▸ **Task statement**: Produce a word-for-word copy of the line that contains "Saks Fifth Avenue Black Royal Blue Skirt" and each line after it through the end of the material, omitting pictures and all other lines.

▸ **Provided records**:
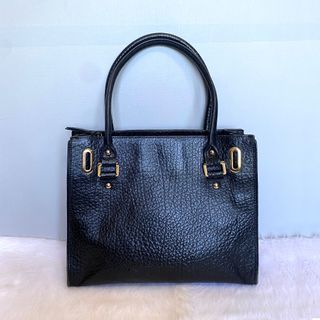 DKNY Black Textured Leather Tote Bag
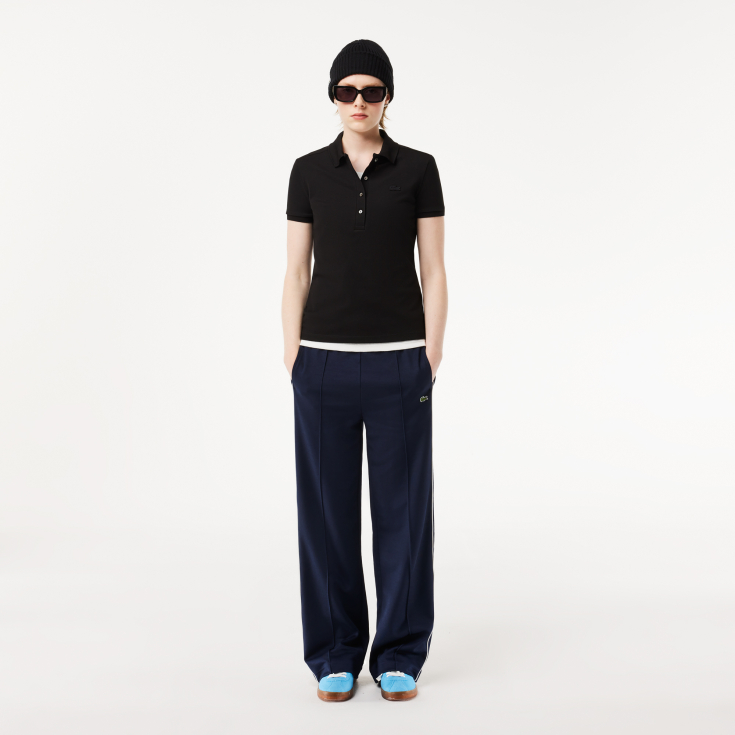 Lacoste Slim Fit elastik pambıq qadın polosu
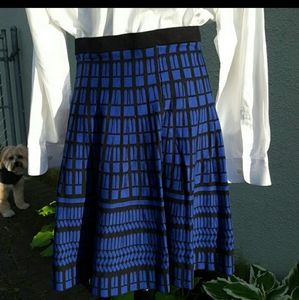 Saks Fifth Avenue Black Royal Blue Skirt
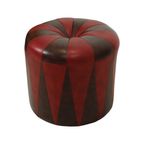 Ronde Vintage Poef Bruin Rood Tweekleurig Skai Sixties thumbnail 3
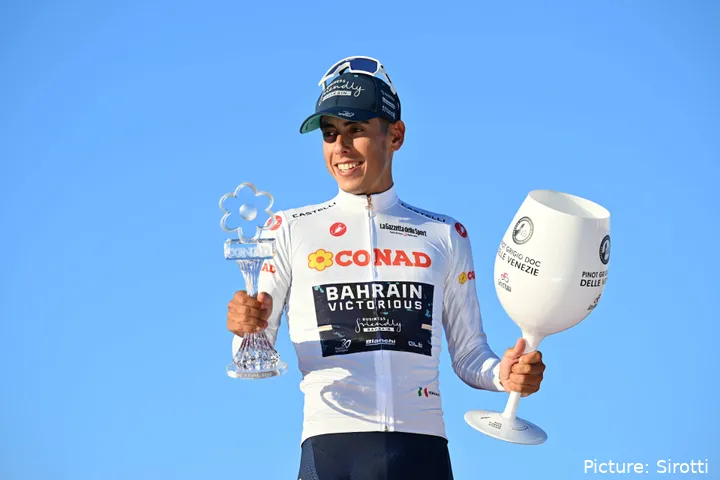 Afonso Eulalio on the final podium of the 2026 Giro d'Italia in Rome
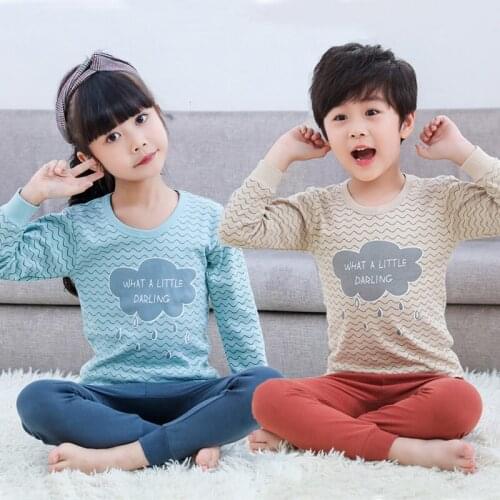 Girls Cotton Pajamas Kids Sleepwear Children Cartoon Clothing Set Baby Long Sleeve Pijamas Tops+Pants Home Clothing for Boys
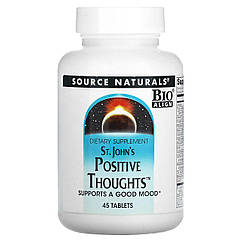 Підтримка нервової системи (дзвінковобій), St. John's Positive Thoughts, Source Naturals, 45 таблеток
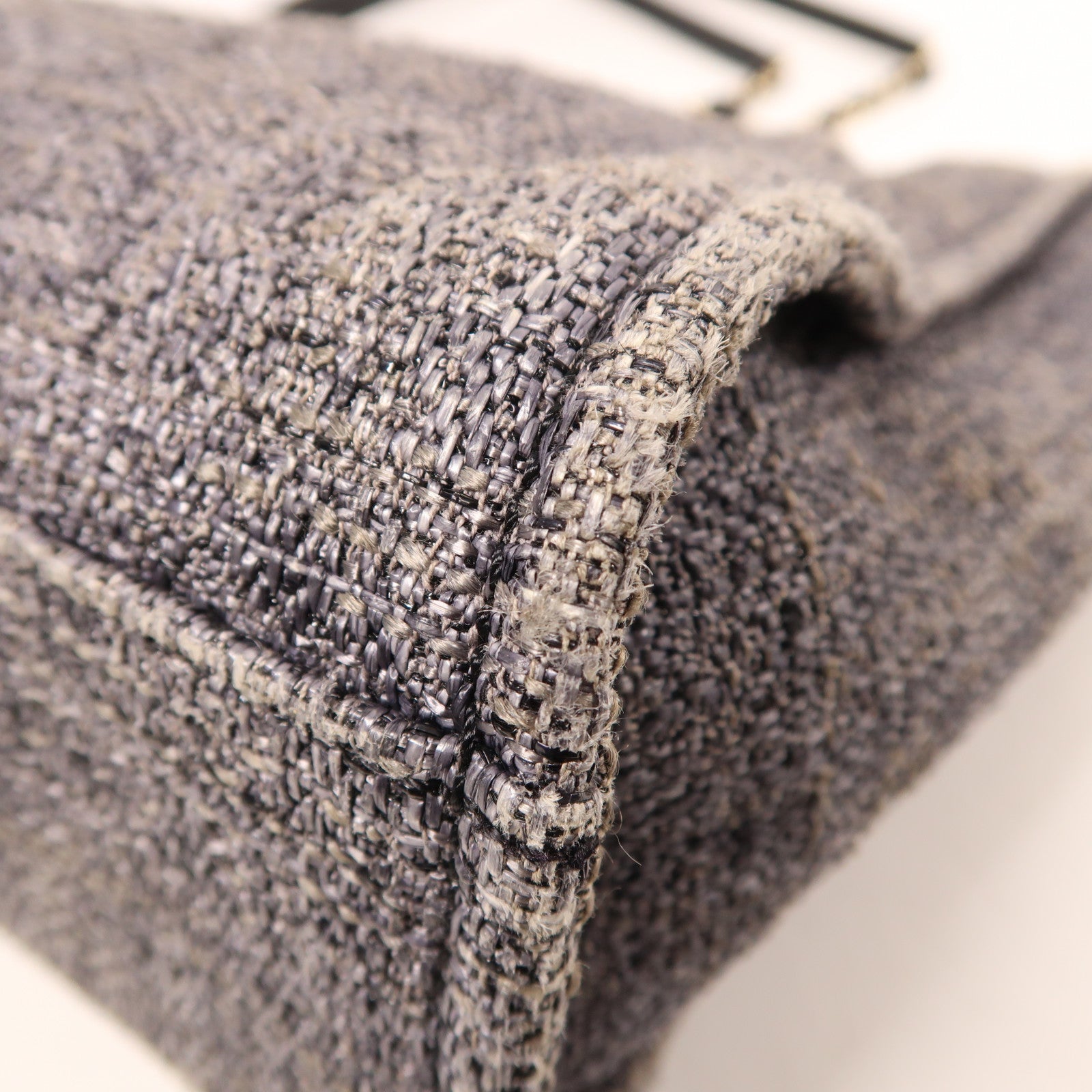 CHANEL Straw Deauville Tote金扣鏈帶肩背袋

▸ **Task answer**:
 Saks Fifth Avenue Black Royal Blue Skirt
 Ronde Vintage Poef Bruin Rood Tweekleurig Skai Sixties thumbnail 3
 Afonso Eulalio on the final podium of the 2026 Giro d'Italia in Rome
 Girls Cotton Pajamas Kids Sleepwear Children Cartoon Clothing Set Baby Long Sleeve Pijamas Tops+Pants Home Clothing for Boys
 Підтримка нервової системи (дзвінковобій), St. John's Positive Thoughts, Source Naturals, 45 таблеток
 CHANEL Straw Deauville Tote金扣鏈帶肩背袋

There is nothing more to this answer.